A recorrência com que a Enel tem ignorado as suas funções basilares de prestação deste serviço público estratégico apontam para a necessidade urgente de medidas por parte do Estado brasileiro, tal como previsto na própria legislação. A empresa não apresenta as mínimas condições para continuar se beneficiando do status de uma concessionária para fins de fornecimento de energia elétrica para a população de São Paulo. O atual contrato de concessão oferecida pelo governo federal, ainda vigente, prevê que essa relação se estenda até 2028. Mas a administração pública conta ainda com outras alternativas de natureza jurídico-institucional. Existe a possibilidade de se promover uma intervenção na direção da empresa, tendo em vistas os abusos cometidos, as irresponsabilidades evidenciadas e os crimes praticados.
O que se faz necessário é introduzir o elemento da vontade política de agir na defesa do interesse da maioria contra um bando oportunista e criminoso que não apresenta o menor interesse em promover serviço público. O governo Lula já teve várias oportunidades para tomar alguma decisão neste sentido, mas até o momento nada foi feito. Atualmente, a gravidade da crise é de tal ordem que até mesmo personagens políticos de amplo espectro têm se manifestado duramente a esse respeito. É o caso do Ministro de Minas e Energia (Alexandre Silveira, do PSD de Kassab), do governador bolsonarista de São Paulo (Tarcísio de Freitas) e do prefeito da capital paulista (Ricardo Nunes), quando todos se declararam claramente pela intervenção na Enel e pelo fim da concessão ao grupo italiano.

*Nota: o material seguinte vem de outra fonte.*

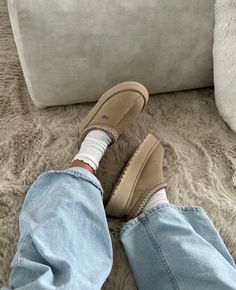 I LOOOOVE these. So simple & cute, this color goes with EVERYTHING. Cute Uggs, Ugg Tasman Slippers, Pretty Shoes Sneakers, Skandinavian Fashion, Ugg Tasman, Uggs Outfit, Ugg Slippers, School Looks, Girly Shoes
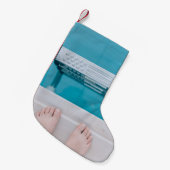 Persoon die op de zwembadladder staat kleine kerstsok (Voorkant (Hangend))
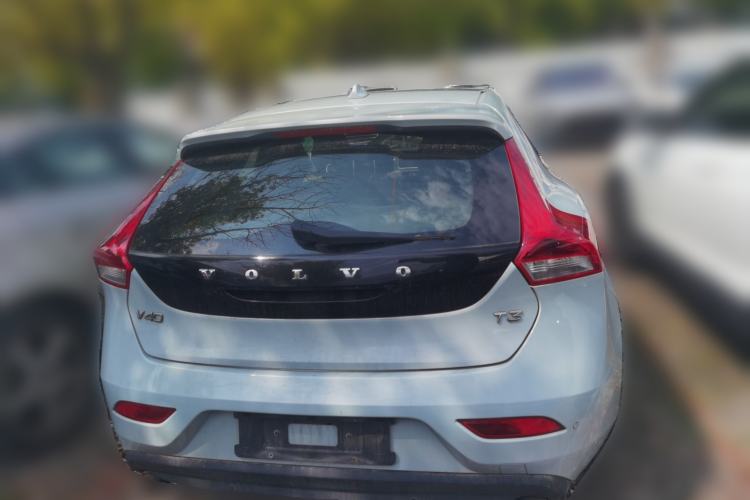 Used Volvo V40 2016 T3 Zhiyi Edition Rear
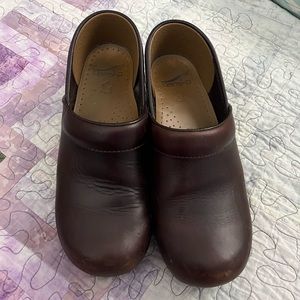Dansko clogs, 39, brown leather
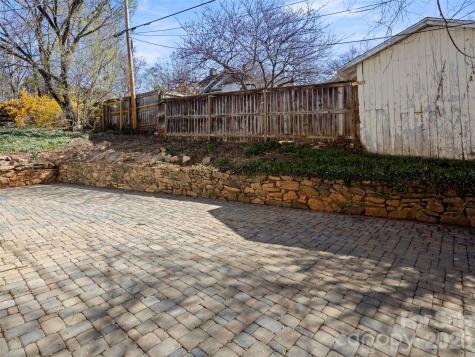 9 S Woodward Avenue Asheville NC 28804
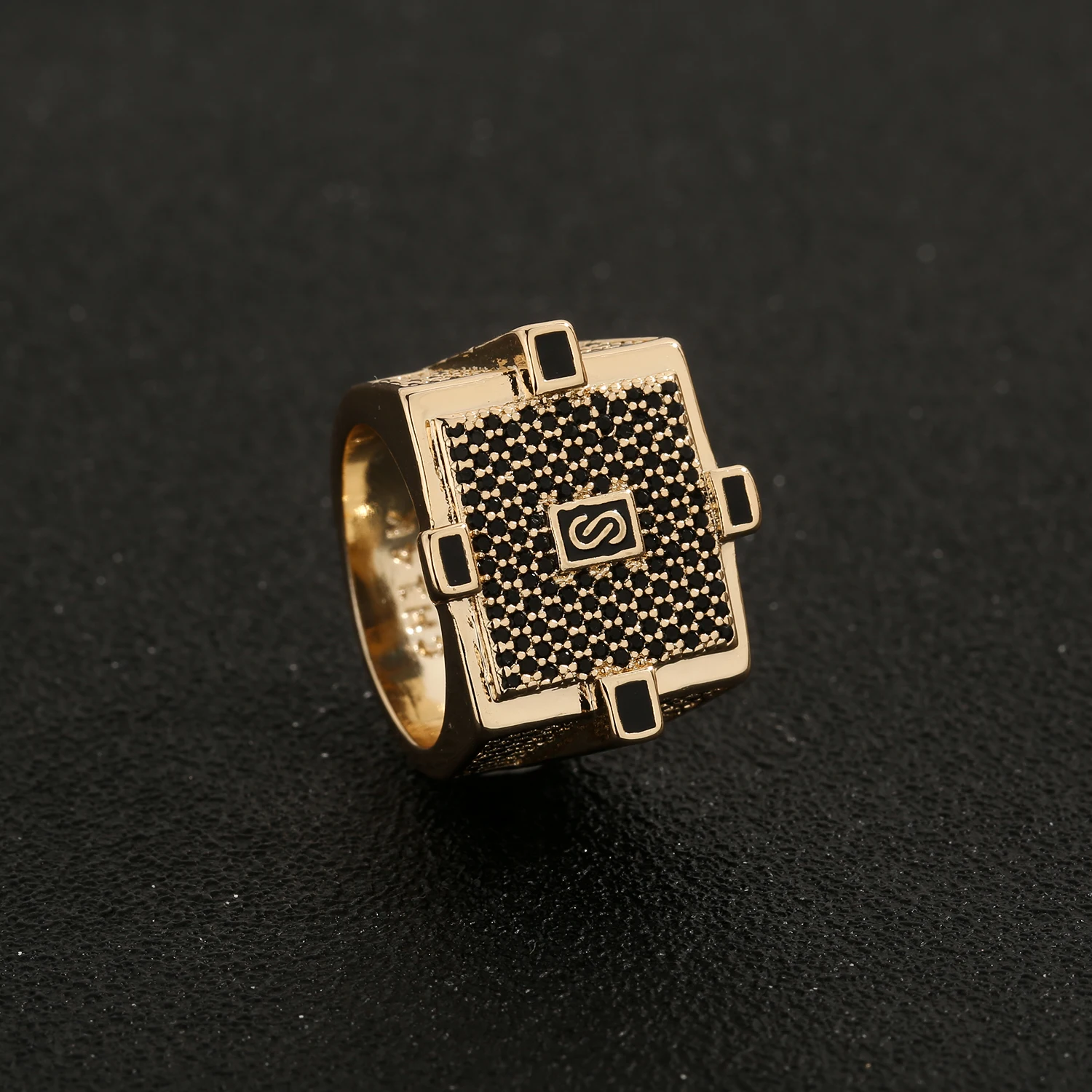 New Fashion Jewelry Seal Charm Men's Ring 14K Gold Plated Brass Material Free Shipping Item
New Fashion Jewelry Seal Charm Men's Ring 14K Gold Plated Brass Material Free Shipping Item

Já passou da hora de Lula tomar finalmente uma decisão a respeito da Enel. Ele não pode passar a impressão de que está indo a reboque de figuras políticas do campo da direita. Apesar da demora inexplicável, é fundamental que o governo decrete a intervenção imediata na empresa. E, na sequência, que instaure procedimentos encaminhando para o cancelamento da concessão da mesma.